Ekstremiści demonstrują siłę, ponieważ świadomi są słabości swoich wrogów, uważa iracki doradca polityczny Ahmed al Abied. „Niekończące się spory są główną przyczyną politycznej niezgody i niestabilnej sytuacji w Iraku. W moim przekonaniu umożliwiło to ekstremistom zajęcie Ramadi”.
Do maja 3600 nalotów
W walce z „Państwem Islamskim” uczestniczy prawie 40 krajów; nie wszystkie w sensie militarnym. Według danych USA do maja br. wojska 12 krajów przeprowadziły ponad 3600 nalotów w Iraku i Syrii. W Syrii obok USA i Kanady pozycje PI bombardują również żołnierze z krajów arabskich. W Iraku w nalotach uczestniczą Australia, Belgia, Dania, Jordania i Francja. Niemcy jak dotąd wspierają koalicję dostawami broni dla Kurdów w północnym Iraku i szkoleniami.
Iracka krytyka pod adresem koalicji
Tymczasem iracki szef rządu Haidar al-Abadi uważa, że dotychczasowa strategia międzynarodowej koalicji przeciwko Państwu Islamskiemu nie przyniosła żadnych rezultatów. „Można powiedzieć, że ta strategia poniosła fiasko”, powiedział w Paryżu tuż przed międzynarodowym spotkaniem poświęconym walce z PI. Al-Abadi napiętnował jednocześnie nikłe wsparcie dla swojego kraju. „Wiele się mówi o tym wsparciu, ale na miejscu się tego prawie nie odczuwa”.

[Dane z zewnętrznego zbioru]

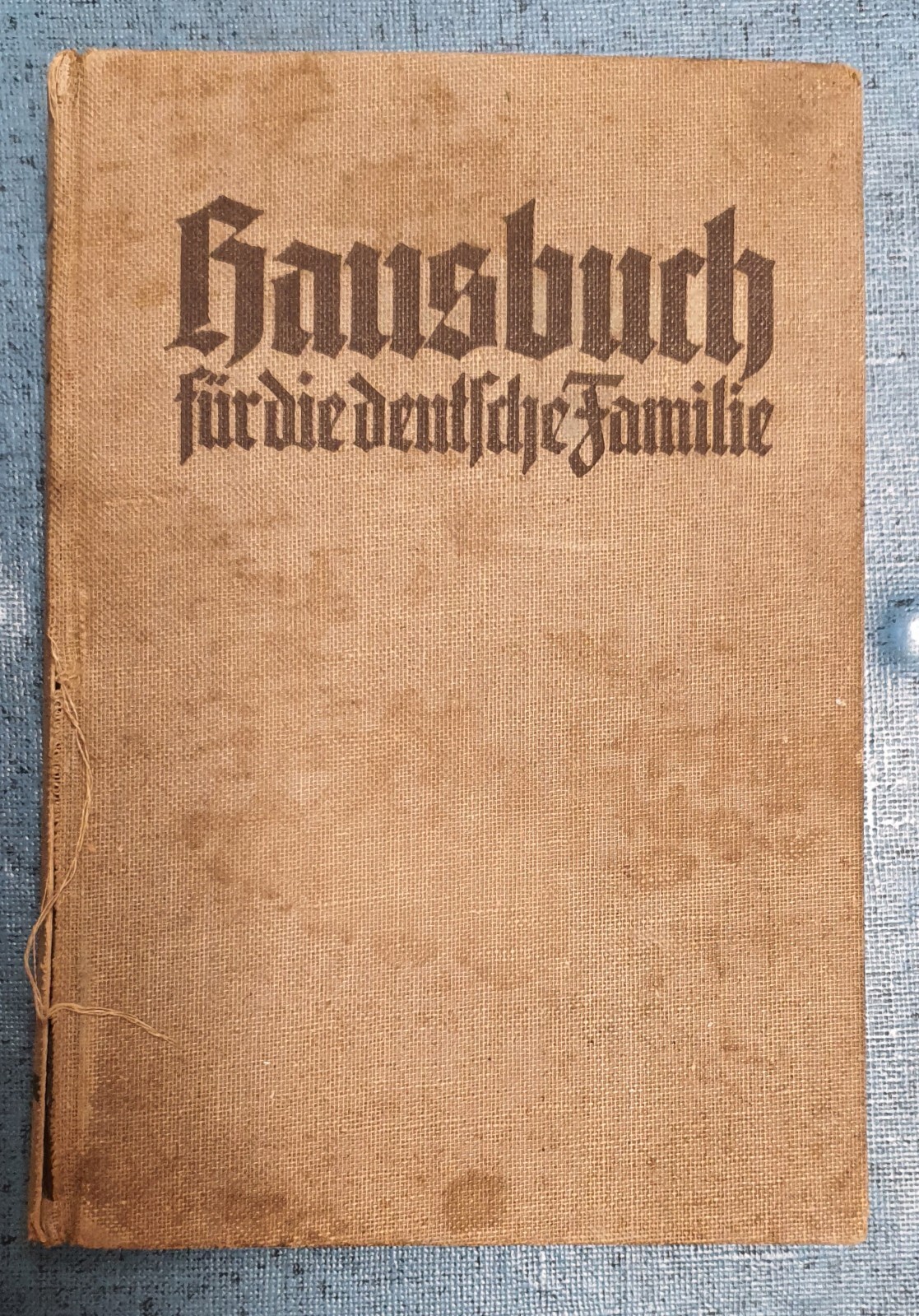 Bild 1 von 12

„Naloty to nie wszystko”, dodał. Państwo Islamskie jest bardzo mobilne i przemieszcza się w małych grupkach. Wojska irackie potrzebowałyby więcej lotów zwiadowczych, żeby się przygotować do natarcia ze strony ekstremistów. Również akcje sojuszniczych wojsk lądowych przeciwko PI pozostawiają wiele do życzenia, twierdzi iracki szef rządu.
PI zdobyło Ramadi i Palmyrę
Mimo że międzynarodowa koalicja z Amerykanami na czele od ubiegłego roku atakuje z powietrza pozycje ekstremistów z PI w Iraku i Syrii, niedawno islamistom udało się zdobyć strategicznie ważne miasta Ramadi w Iraku i Palmyrę w Syrii. Ramadi położone jest zaledwie sto kilometrów od stolicy Iraku Bagdadu.
Abadi wezwał międzynarodową wspólnotę, by sprzedała Irakowi więcej broni do walki z dżihadystami. Jego kraj nie otrzymał „prawie żadnej broni”.
Iracki szef rządu poinformował o znacznym wzroście liczby zagranicznych bojowników w szeregach Państwa Islamskiego. „W przeszłości w szeregach PI było 42 procent cudzoziemców i 58 procent Irakijczyków. Dziś jest odwrotnie: 60 procent to obcokrajowcy a 40 procent Irakijczycy”. Abadi żąda wyjaśnień, dlaczego na terytorium Iraku udało się przedostać tak wielu islamistom z państw położonych nad Zatoką Perską, z Egiptu, Syrii, Turcji i państw europejskich.
Konferencja w Paryżu
W konferencji międzynarodowej koalicji przeciwko Państwu Islamskiemu, która rozpoczęła się we wtorek przed południem (2.06), uczestniczy ponad 20 ministrów i przedstawicieli organizacji międzynarodowych; między innymi ministrowie spraw zagranicznych Francji i Niemiec Laurent Fabius i Frank-Walter Steinmeier. W spotkaniu chodzi o wypracowanie strategii walki z Państwem Islamskim. Uczestnicy konferencji chcą też wywrzeć nacisk na Irak, by nie wykluczał z życia społecznego sunnitów.